A cette fin, l'Organisation continuera:

- De se tenir en rapport avec les Etats Membres et de leur dispenser ses conseils en leur écrivant, en leur dépêchant ses fonctionnaires et en établissant des bureaux régionaux et nationaux.

- De préparer et publier des documents et études comportant des statistiques ou résumés de conclusions techniques et économiques, afin d'informer les Etats Membres et, dans certains cas, d'aider les gouvernements à formuler et mettre en œuvre des politiques et projets de développement économique et social.

- D'organiser des réunions techniques ou de politique générale permettant l'échange d'informations et d'idées, et de coordonner les mesures à prendre éventuellement au sujet des problèmes d'intérêt international.

- D'aider les gouvernements, par l'intermédiaire de ses programmes sur le terrain, à exécuter les projets de développement des forêts et industries forestières qui lui sont confiés par le Programme des Nations Unies pour le développement (PNUD) ou d'autres organismes multilatéraux et bilatéraux.

- D'organiser des séminaires, centres de formation et voyages d'étude destinés à faire connaître des techniques particulières ou bien à permettre l'échange de points de vue ainsi que l'étude de nouvelles méthodes de planification et d'administration.

- De desservir les organes permanents régionaux ou spécialisés servant de centres de consultation sur des problèmes communs, et de coordonner toute action concertée dont pourraient décider les pays intéressés.

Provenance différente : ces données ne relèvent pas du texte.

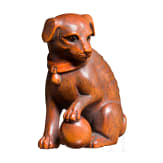 A Japanese netsuke, a dog with a ball, 19th century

- De fournir des conseils techniques au Programme alimentaire mondial ONU/FAO, d'aider le Centre d'investissement de la FAO dans des études sur les possibilités d'investissement dans les programmes de développement forestier et de collaborer avec le Programme de coopération de la FAO destiné à encourager le monde des affaires à investir dans la foresterie et les industries forestières.

C'est ainsi que les futures activités de la FAO s'attacheront en priorité à renforcer le rôle que peuvent authentiquement jouer les forêts et les industries forestières dans le développement social et économique du monde.